Part of Advances in Neural Information Processing Systems 17 (NIPS 2004)

*Jennifer Listgarten, Radford Neal, Sam Roweis, Andrew Emili*

Multiple realizations of continuous-valued time series from a stochastic process often contain systematic variations in rate and amplitude. To leverage the information contained in such noisy replicate sets, we need to align them in an appropriate way (for example, to allow the data to be properly combined by adaptive averaging). We present the Continuous Profile Model (CPM), a generative model in which each observed time series is a non-uniformly subsampled version of a single latent trace, to which local rescaling and additive noise are applied. After unsupervised training, the learned trace represents a canonical, high resolution fusion of all the replicates. As well, an alignment in time and scale of each observation to this trace can be found by inference in the model. We apply CPM to successfully align speech signals from multiple speakers and sets of Liquid Chromatography-Mass Spectrometry proteomic data.

1 A Profile Model for Continuous Data

When observing multiple time series generated by a noisy, stochastic process, large sys- tematic sources of variability are often present. For example, within a set of nominally replicate time series, the time axes can be variously shifted, compressed and expanded, in complex, non-linear ways. Additionally, in some circumstances, the scale of the mea- sured data can vary systematically from one replicate to the next, and even within a given replicate.

We propose a Continuous Profile Model (CPM) for simultaneously analyzing a set of such time series. In this model, each time series is generated as a noisy transformation of a single latent trace. The latent trace is an underlying, noiseless representation of the set of replicated, observable time series. Output time series are generated from this model by moving through a sequence of hidden states in a Markovian manner and emitting an observable value at each step, as in an HMM. Each hidden state corresponds to a particular location in the latent trace, and the emitted value from the state depends on the value of the latent trace at that position.

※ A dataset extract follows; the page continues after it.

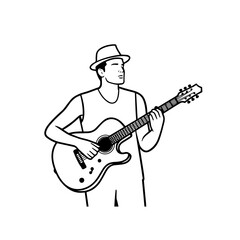 Obraz premium Black and white line art of a cool man playing guitar in casual outfit minimalist stylish illustration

To account for changes in the amplitude of the signals across and within replicates, the latent time states are augmented by a set of scale states, which control how the emission signal will be scaled relative to the value of the latent trace. During training, the latent trace is learned, as well as the transition probabilities controlling the Markovian evolution of the scale and time states and the overall noise level of the

observed data. After training, the latent trace learned by the model represents a higher resolution 'fusion' of the experimental replicates. Figure 1 illustrate the model in action.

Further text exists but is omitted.